Figure 4C shows a much more pronounced change in CAD risk for diabetes as compared to non-diabetic individuals across the deciles of the risk allele distribution, in relation to the average risk in the respective group. Importantly, in subjects exposed to a risk factor, we observed a by far steeper increase in absolute disease risk with increasing numbers of risk alleles than individuals without the respective risk factor (panel D and E in Fig. 4 and Supplementary Figure S7). Respective data for the wGRS—either with 198 significant SNPs or 6.6 million SNPs—are consistent and also shown in the supplement (Supplementary Figure S8 and Supplementary Table S10).
Similar data were observed for established risk factors for breast cancer (obesity, alcohol consumption), prostate cancer (positive family history), and T2DM (obesity). The absolute increases in prevalence were 7.6- (obesity-breast cancer), 8.1- (positive family history-prostate cancer) and 1.8-fold higher (obesity-T2DM) in the tenth as compared to the first decile of respective risk allele distribution and the effect of alcohol intake on breast cancer risk was only apparent in women with at least moderate genetic susceptibility (all p < 0.01).
Discussion
By studying how established risk alleles affect the prevalence of common diseases, we report two important findings. First, we observed that respective risk alleles lead to a steep increase in risk for CAD, breast cancer, prostate cancer, or type 2 diabetes mellitus despite only small changes in their overall numbers. Second, all individual risk factors—genetic and environmental—act multiplicatively and interchangeably, and cause disease once a crucial turning point of cumulative risk is being passed. Essentially, irrespective of which biological pathways are being affected by disease loci or the combination of risk alleles with environmental exposures, the only quantity that matters is the total burden of these factors which put a person on a logarithmic curve of increasing risk.
Our findings have implications for the application of polygenic risk scores in predicting risk as well as for the understanding of biological mechanisms leading to the manifestation of the respective diseases. Regarding the first and clinically relevant topic: consistent with the genetic sampling theory, the largely random allocation of chromosomal segments during meiosis results in a normal distribution of common risk alleles. While the range of this distribution increases when more loci are detected to be associated with a trait, it is remarkable to observe overall relatively little variation in the high numbers of risk alleles across a population. This may explain why the predictive value of polygenic risk scores has been considered to be low [8,9,10]. However, looking at the first and tenth decile of the population, we observe an increase of disease prevalence by up to 5.1-fold. Thus, the predictive value of polygenic risk scores seems to be clinically relevant mostly for those at the outer ends of the distribution curve. In fact, given the apparent exponential increase in risk, those who carry high numbers of common risk alleles may have risks comparable to people carrying damaging mutations otherwise found in monogenic conditions [7].

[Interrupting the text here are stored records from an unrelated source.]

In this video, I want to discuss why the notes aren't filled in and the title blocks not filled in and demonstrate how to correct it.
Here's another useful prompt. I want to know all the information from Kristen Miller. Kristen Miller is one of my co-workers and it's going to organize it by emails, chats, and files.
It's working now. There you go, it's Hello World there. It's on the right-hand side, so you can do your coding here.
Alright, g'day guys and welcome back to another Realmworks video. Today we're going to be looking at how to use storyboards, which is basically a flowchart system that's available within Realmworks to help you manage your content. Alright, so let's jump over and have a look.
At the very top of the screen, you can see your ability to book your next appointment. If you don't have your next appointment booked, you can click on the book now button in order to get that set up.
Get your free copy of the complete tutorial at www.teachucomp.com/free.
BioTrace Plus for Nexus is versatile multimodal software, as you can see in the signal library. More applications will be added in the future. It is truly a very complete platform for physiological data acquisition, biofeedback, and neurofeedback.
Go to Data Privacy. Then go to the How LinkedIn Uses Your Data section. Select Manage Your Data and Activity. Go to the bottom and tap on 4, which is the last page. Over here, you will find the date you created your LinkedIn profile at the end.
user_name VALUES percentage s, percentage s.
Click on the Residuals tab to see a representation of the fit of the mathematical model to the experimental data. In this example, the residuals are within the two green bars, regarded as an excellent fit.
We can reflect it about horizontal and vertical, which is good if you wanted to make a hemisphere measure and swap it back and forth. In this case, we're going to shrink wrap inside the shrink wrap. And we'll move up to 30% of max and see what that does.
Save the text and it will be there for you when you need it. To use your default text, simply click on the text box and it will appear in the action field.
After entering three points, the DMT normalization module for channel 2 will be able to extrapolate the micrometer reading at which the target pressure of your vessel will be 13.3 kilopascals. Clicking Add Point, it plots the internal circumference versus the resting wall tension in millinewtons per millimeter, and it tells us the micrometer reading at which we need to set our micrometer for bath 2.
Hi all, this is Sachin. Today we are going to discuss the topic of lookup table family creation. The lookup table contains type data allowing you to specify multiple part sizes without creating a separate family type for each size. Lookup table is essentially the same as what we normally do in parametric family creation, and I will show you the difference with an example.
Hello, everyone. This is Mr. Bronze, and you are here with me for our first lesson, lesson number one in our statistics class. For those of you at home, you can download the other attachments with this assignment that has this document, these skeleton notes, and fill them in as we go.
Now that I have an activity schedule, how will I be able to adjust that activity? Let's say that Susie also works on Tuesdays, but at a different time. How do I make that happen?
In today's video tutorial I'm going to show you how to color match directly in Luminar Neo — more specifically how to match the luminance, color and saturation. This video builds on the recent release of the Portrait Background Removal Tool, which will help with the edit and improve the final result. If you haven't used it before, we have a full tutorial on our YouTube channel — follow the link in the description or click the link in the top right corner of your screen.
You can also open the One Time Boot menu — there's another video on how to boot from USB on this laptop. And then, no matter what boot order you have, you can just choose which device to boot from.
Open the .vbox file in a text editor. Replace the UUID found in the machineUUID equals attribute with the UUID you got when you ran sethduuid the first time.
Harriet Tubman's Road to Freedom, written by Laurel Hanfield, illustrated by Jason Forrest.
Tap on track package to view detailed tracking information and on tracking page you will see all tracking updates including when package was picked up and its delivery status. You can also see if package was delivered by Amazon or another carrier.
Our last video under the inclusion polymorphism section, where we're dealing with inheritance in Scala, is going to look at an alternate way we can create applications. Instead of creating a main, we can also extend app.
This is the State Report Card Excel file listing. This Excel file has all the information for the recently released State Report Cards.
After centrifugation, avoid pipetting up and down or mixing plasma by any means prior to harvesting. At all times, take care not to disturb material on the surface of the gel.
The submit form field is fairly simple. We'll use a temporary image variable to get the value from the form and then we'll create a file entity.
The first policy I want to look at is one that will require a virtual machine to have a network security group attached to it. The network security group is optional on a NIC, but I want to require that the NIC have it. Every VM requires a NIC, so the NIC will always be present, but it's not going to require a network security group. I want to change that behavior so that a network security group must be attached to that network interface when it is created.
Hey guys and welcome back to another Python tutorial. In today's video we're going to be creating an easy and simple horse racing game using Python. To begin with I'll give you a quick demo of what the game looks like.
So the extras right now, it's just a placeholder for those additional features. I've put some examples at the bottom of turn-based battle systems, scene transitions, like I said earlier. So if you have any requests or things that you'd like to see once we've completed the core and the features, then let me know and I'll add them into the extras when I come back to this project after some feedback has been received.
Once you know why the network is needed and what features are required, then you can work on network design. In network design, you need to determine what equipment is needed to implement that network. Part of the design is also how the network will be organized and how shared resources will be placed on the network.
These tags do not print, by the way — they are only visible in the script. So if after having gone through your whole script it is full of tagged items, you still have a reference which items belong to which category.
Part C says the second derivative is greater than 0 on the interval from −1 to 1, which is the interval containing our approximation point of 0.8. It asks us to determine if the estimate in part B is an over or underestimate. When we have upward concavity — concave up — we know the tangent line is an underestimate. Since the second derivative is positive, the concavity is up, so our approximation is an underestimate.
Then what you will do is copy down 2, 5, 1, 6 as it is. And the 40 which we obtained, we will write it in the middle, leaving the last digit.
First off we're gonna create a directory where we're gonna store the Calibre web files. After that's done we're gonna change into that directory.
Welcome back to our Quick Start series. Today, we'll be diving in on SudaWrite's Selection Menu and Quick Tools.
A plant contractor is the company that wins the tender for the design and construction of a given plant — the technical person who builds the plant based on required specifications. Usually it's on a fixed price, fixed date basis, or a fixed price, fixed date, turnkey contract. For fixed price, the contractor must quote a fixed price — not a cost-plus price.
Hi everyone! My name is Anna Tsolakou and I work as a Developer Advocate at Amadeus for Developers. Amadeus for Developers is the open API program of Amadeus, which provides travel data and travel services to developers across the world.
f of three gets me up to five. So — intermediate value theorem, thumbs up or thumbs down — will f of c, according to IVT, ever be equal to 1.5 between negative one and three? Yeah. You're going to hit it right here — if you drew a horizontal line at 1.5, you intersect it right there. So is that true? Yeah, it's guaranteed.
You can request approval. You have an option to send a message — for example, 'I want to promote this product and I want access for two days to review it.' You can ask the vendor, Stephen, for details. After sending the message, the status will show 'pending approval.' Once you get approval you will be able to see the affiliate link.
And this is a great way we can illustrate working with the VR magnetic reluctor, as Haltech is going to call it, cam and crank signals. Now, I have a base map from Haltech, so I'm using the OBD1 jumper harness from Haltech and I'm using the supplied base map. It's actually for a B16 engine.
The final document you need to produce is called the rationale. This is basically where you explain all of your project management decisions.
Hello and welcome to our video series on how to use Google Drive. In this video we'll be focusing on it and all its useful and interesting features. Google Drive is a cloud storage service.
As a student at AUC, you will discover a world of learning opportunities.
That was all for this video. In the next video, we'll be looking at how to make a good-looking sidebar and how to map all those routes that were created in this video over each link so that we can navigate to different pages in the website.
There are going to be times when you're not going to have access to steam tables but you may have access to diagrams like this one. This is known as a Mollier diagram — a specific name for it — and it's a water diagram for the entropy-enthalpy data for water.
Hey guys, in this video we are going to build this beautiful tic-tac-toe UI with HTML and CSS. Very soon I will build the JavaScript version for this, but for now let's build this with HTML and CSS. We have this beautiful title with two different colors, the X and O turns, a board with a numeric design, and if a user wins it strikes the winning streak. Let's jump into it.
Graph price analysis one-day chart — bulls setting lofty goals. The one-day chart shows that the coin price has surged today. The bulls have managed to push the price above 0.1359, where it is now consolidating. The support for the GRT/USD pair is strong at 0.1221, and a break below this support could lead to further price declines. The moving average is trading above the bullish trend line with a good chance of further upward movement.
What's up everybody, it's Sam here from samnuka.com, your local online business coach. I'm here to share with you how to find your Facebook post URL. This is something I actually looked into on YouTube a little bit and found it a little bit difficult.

Our observations are best explained by a simple multiplicative model, whereby the effect of each risk allele is proportional to the cumulative burden of all other risk alleles carried in a person. The resulting non-linear function has long been postulated to account for the risk of recurrence of common diseases mediated by multiple genetic risk factors in relatives [23,24,25,26]. Similarly, empirical data on multiple environmental risk factors are consistent with a non-linear relationship between the number of risk factors and prevalence [14]. Consistent with these observations, the standard model to analyze case–control GWAS data is a logistic regression, and genetic risk scores are constructed accordingly [14, 27]. The present data dissect and test these models to unprecedented levels and show a remarkably good fit for multiplicativity and exchangeability of risk factors. Consistent with theoretical studies [28, 29], we could not distinguish between different kinds of similar multiplicative models, i.e., Log, Logit, or Probit.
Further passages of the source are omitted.